We're left with the conclusion that T_C, in the Carnot limit, can be made very low. That suggests a very real possibility of a thermal cycle between the radiator and "room temperature". An engineer will hem and haw at the mention of this, but you could have a thermal cycle between those two things at 90% efficiency. I think we need to recognize that the answer to the question, as asked, is "yes".
Now, onto the qualifiers. There are a lot of penalties for ever setting up something like this.
- Space stations have to spend money on insulation to begin with, so you would increase that cost (dramatically), in order to avoid heat flow bypassing your radiator.
- What physical mechanism would you make this thermal cycle out of?
- The system would affect the energy balance of the station. It would have to be a part of the heat engineering from the ground up.
The only thing this really tells us is that it's not a serious near-term consideration. There are good reasons that we don't have a experience base for #2, for instance. There's a lot of work going on with recovery of waste heat, but often over small T differentials, but we don't often consider heat rejection at very low temperatures. It would only come into play for heat recovery systems in liquid nitrogen plants, for instance. If memory serves me correctly, I think thermoelectric systems depend on a very high temperature source. Everything is turned on its head when changing the temperature ranges like this. But there might be good options out there. This would be an interesting study area, because we just don't see those super low temperatures on Earth naturally. So it would rarely make sense to use it for heat rejection. Keep in mind, however, that good heat engines are not guaranteed.
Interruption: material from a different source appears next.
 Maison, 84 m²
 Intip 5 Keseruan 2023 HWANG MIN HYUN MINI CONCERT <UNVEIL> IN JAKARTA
Thermal plants on Earth can often only produce 30-40% efficiency when the theoretical limit is 70% or so. That's because higher efficiency systems just won't scale up like we need. It's hard to say what efficiencies we could get.
But we wouldn't do it soon because space radiators are extremely large in size, modern designs require lots of mass, and insulation costs money too. The physical limit is area, from thermal radiation laws, but these are often made of metal sheets, or other things which are heavy. This is reasonable when you consider they'll have to hold in a fluid at pressure (and leaking is bad). The real limit is robustness for the space environment, ability to go up in a rocket, and the ability to unfurl itself into space. If you could spread out a much lighter sheet, it will cool much faster. But how could you recoup that coldness? And how is it going to hold up? In the distant future, space heat rejection systems have a lot of room to obtain very good performance through large, fragile systems in zero gravity. Same goes for insulation.
The heat balance with the station isn't completely self-defeating. This would only work if used with a station that was virtually perfectly insulated to begin with (long way off), but the "useful work" would be put back into the station. That creates an interesting situation where you get back a lot of the energy you consume. Low temperatures have economic value just as high temperatures do. But you'll have some other heat source (the sun, for instance) anyway, so any proposal for heat cycles coupling from station temperature to space also have to compete with coupling to the higher temperature. The ultimate design for heat movement between reservoirs would have to be considered in a holistic sense. But I could see how the OP's idea would make sense in a station powered by PV panels, for instance.